Last Updated:Aug 14, 2024

You can enable the Horizontal Pod Autoscaler (HPA) feature to automatically scale pods based on CPU utilization, memory usage, or other metrics. HPA can quickly scale out replicated pods to handle heavy stress when the workloads surge and scale in appropriately to save resources when the workloads decrease. The entire process is automated and requires no human intervention. It is ideal for businesses with large fluctuations in service, large numbers of services, and frequent scaling requirements, such as e-commerce services, online education, and financial services.

Before you begin

To help you better use the HPA feature, we recommend that you read the Kubernetes official documentation Horizontal Pod Autoscaling to understand the basic principles, algorithm details, and scaling configurations of HPA before reading this topic.

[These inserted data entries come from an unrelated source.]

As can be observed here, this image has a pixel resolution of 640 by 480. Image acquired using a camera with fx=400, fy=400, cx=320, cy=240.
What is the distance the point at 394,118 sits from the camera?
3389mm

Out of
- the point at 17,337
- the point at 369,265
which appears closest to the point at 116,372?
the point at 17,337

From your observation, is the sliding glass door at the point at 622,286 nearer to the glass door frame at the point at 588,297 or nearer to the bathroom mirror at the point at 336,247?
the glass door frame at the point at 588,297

In addition, Container Service for Kubernetes (ACK) clusters provide various workload scaling solutions for scheduling layer elasticity and node scaling solutions for resource layer elasticity. We recommend that you read the Auto scaling overview to understand the applicable scenarios and usage limits of different solutions before using the HPA feature.

Prerequisites

Create an application that has HPA enabled in the ACK console

ACK is integrated with HPA. You can create an application that has HPA enabled in the ACK console. You can enable HPA when you create an application or for an existing application. We recommend that you create only one application that has HPA enabled for a workload.

Enable HPA when you create an application

The following takes a Deployment application as an example to describe how to enable HPA when you create an application. The steps for other workload types are similar.

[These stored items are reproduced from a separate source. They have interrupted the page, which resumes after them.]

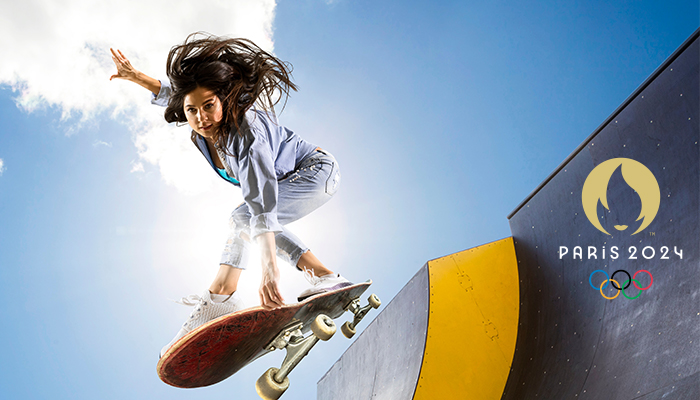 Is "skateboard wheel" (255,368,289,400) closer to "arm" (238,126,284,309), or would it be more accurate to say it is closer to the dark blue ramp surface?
"arm" (238,126,284,309)

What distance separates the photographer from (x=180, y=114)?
6.55 feet

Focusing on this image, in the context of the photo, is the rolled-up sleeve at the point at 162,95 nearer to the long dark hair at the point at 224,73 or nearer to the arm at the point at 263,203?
the long dark hair at the point at 224,73

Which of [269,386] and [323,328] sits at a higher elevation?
[323,328]

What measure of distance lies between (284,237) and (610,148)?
7.53 feet

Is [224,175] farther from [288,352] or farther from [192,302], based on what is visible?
[288,352]

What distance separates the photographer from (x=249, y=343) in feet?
7.25

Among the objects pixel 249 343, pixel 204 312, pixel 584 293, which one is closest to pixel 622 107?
pixel 584 293

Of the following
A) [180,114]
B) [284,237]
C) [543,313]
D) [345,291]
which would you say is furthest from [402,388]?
[180,114]

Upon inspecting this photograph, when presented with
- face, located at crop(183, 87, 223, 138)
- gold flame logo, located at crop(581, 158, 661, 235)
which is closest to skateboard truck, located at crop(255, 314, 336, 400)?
face, located at crop(183, 87, 223, 138)

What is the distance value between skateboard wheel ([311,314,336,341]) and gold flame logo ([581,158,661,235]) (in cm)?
202

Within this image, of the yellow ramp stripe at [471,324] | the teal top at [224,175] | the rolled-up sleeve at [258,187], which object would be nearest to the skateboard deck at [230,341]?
the rolled-up sleeve at [258,187]

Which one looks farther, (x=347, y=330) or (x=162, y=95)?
(x=347, y=330)

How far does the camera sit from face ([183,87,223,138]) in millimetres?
1784

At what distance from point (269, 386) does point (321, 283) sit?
0.67 metres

  1. Log on to the ACK console. In the left-side navigation pane, click Clusters.

  2. On the Clusters page, find the cluster that you want to manage and click its name. In the left-side pane, choose Workloads > Deployments.

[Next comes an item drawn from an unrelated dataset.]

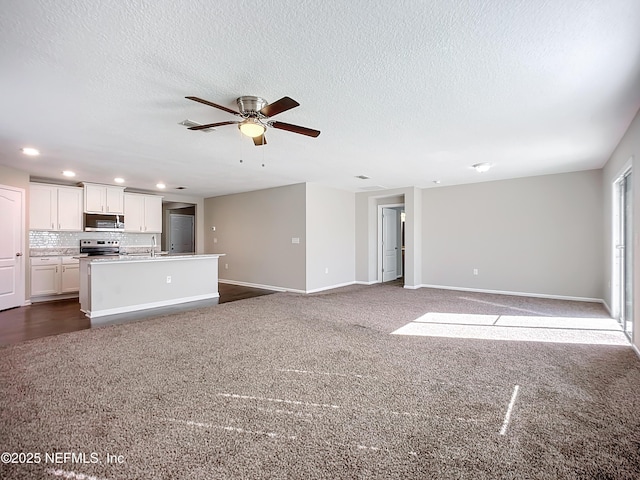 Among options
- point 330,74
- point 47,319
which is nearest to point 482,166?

  3. On the Deployments page, click Create from Image.

  4. On the Create page, enter the basic information, container configuration, service configuration, and scaling configuration as prompted to create a Deployment that supports HPA.

    For more information about specific steps and configuration parameters, see Create a stateless application by using a Deployment. The following list describes the key parameters.

    • Basic Information: Set the information of the application, such as the name and number of replicas.

    • Container: Select the image and the required CPU and memory resources.

      You can use the resource profiling feature to analyze historical data of resource usage and get recommendations for configuring container requests and limits. For more information, see Resource profiling.

      Important

      You must configure the request resources required by the application. Otherwise, you cannot enable HPA.

    • Advanced:

      • In the Access Control section, click Create to the right of Services to set the parameters.

      • In the Scaling section, select Enable for HPA and configure the scaling threshold and related parameters.

        • Metrics: Select CPU Usage or Memory Usage, which must be the same as the one you have specified in the Required Resources field. If both CPU Usage and Memory Usage are specified, HPA will perform scaling operations when any one of the metrics reaches the scaling threshold.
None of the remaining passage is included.